User Experience Measures Behavior
To measure behavior, follow these steps:
- Identify the destination. To create conditions for recording user experiences, you first need to understand what ML researchers really need. What is the goal What is a good sample? What variation between cases is acceptable? What are the basic cases and what are the marginal cases? So if we want to have 10,000 photos of people smiling, is there an objective definition of a smile? Does the crooked smile work? With teeth, without teeth? Which age groups of items? With teeth, without teeth? Facial hair or smooth shaving? Different hairstyles? And so on. Both entry and exit cases are elements that ML researchers must clearly define and to which all parties must agree.
- Collect data. Then schedule data collection. One of the strengths of UX researchers is the ability to create and run large-scale research programs involving people. The experience and knowledge of many ML researchers do not allow a lot of behavioral data to be known personally, effectively and efficiently.
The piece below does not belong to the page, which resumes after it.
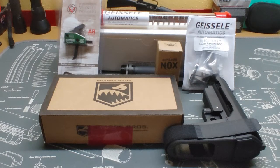Howdy folks. Welcome to Echo's Reloading Chamber. This project in front of us here is an AR-15 pistol build.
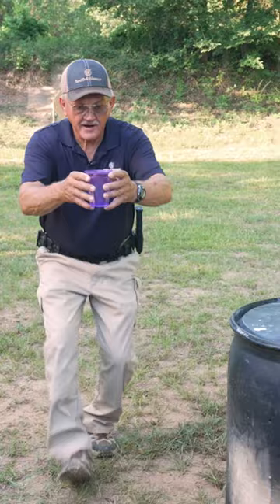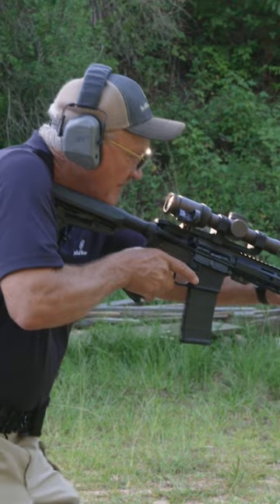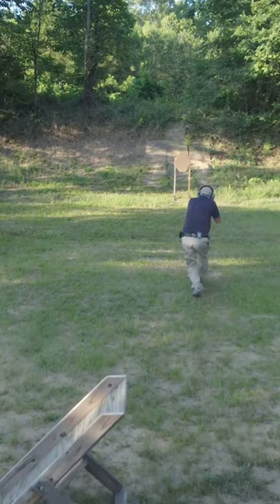We're going to start muzzle down, and on the timer I'm going to shoot the paper target on the left twice on the move, then one on the right twice. It's all about movement, keeping your feet in play, and the gun as level as you can to the targets — satisfying the target requirements as fast as you can.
However, the practice of user research is primarily about determining the conditions required to obtain objective data. The ability to recruit, obtain facilities, obtain informed consent, instruct participants, and collect, store and transfer data is crucial. In addition, UX researchers can collect all required metadata and attach this data to examples for additional support. Researchers at UX are skilled in sorting, collecting and categorizing data — as demonstrated by a set of skills including qualitative coding and many tools supporting this kind of analysis.
- Make another round of tagging. After the initial data collection, you may need to organize and run a crowdsourcing program, such as Amazon Mechanical Turk, to further improve the collected data. For example, when collecting voice samples on how a person in a noisy cafe can order a delicious, slim, extremely hot, three-round latte, there may be several features that may interest any sample. In such cases, we may employ several researchers or programmers to review each sample, transcribe the samples, and evaluate for transparency and completeness. These encoders would then have to resolve all observed differences to ensure coding purity.
These are just a few of the many reasons why UX researchers are uniquely positioned to bridge the gap between ML scientists and the capture, interpretation, and use of human behavior data sets for integration with AI algorithms. Using User Experience in this domain can help us protect against the limitations of available databases for artificial intelligence and avoid the use of ambiguous, useless or incorrect entries, the restrictions of which may not be obvious, regardless of whether these are: Problems with the data itself or internet works on the algorithm. UX researchers are well placed to help ML researchers gather clean records for training and testing of AI algorithms.